PROMPT -
Exactly the lines below from the line with "Just another day" through the line with "Yachts at anchor" must make up the answer, both ends included and pictures left out.

━━ DATA IN THIS EXERCISE

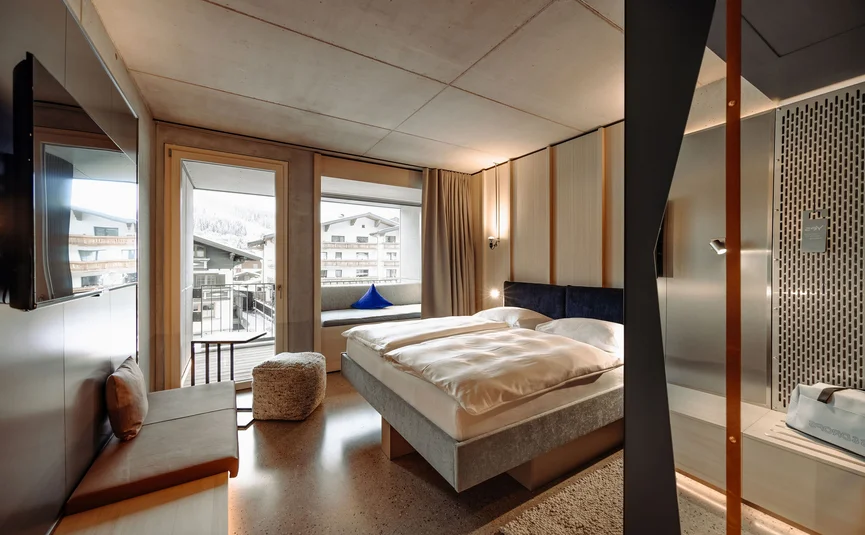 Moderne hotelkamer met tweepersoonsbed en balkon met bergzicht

━━━━
━━ DATA IN THIS EXERCISE

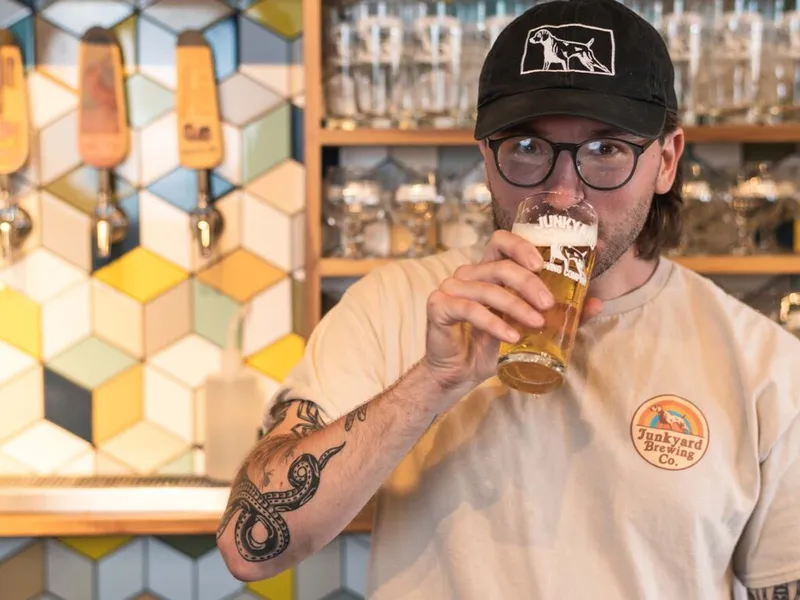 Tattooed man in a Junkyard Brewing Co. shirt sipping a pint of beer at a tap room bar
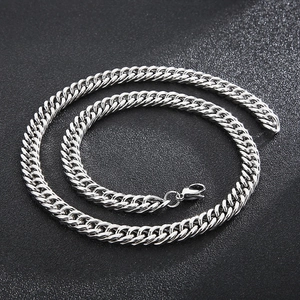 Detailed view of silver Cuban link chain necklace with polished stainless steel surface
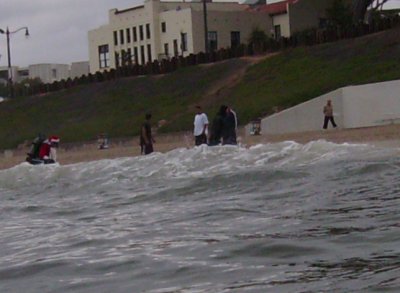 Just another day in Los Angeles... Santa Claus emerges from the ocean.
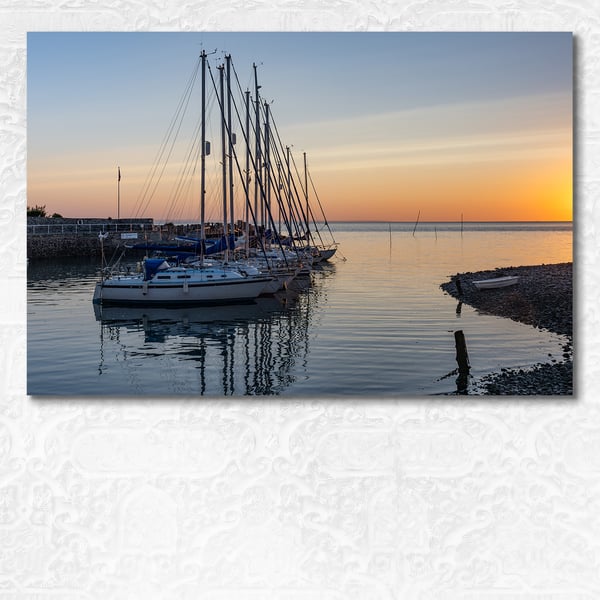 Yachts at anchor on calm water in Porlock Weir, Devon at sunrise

━━━━
━━ DATA IN THIS EXERCISE

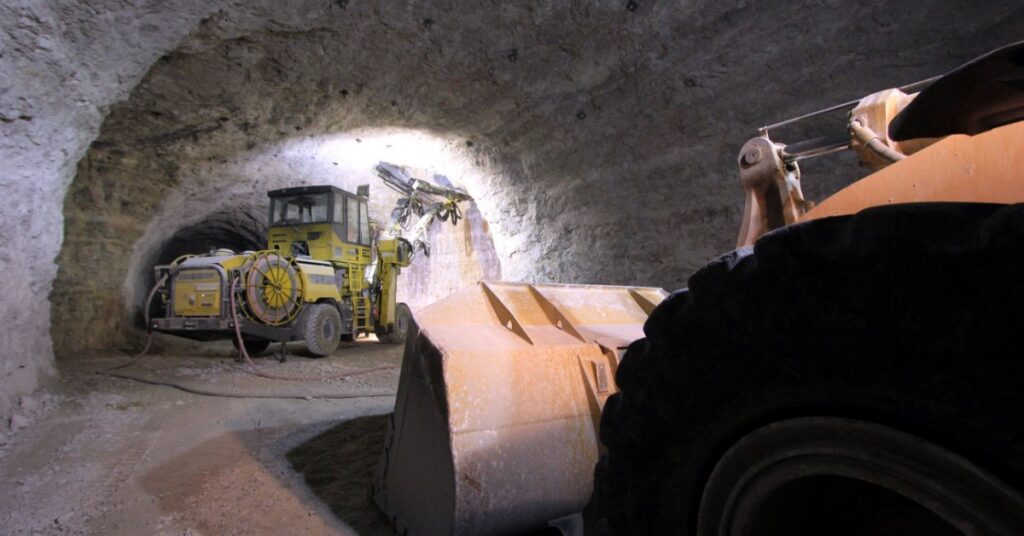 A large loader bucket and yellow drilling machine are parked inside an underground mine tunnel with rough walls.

━━━━

TASK RESULT -
 Just another day in Los Angeles... Santa Claus emerges from the ocean.
 Yachts at anchor on calm water in Porlock Weir, Devon at sunrise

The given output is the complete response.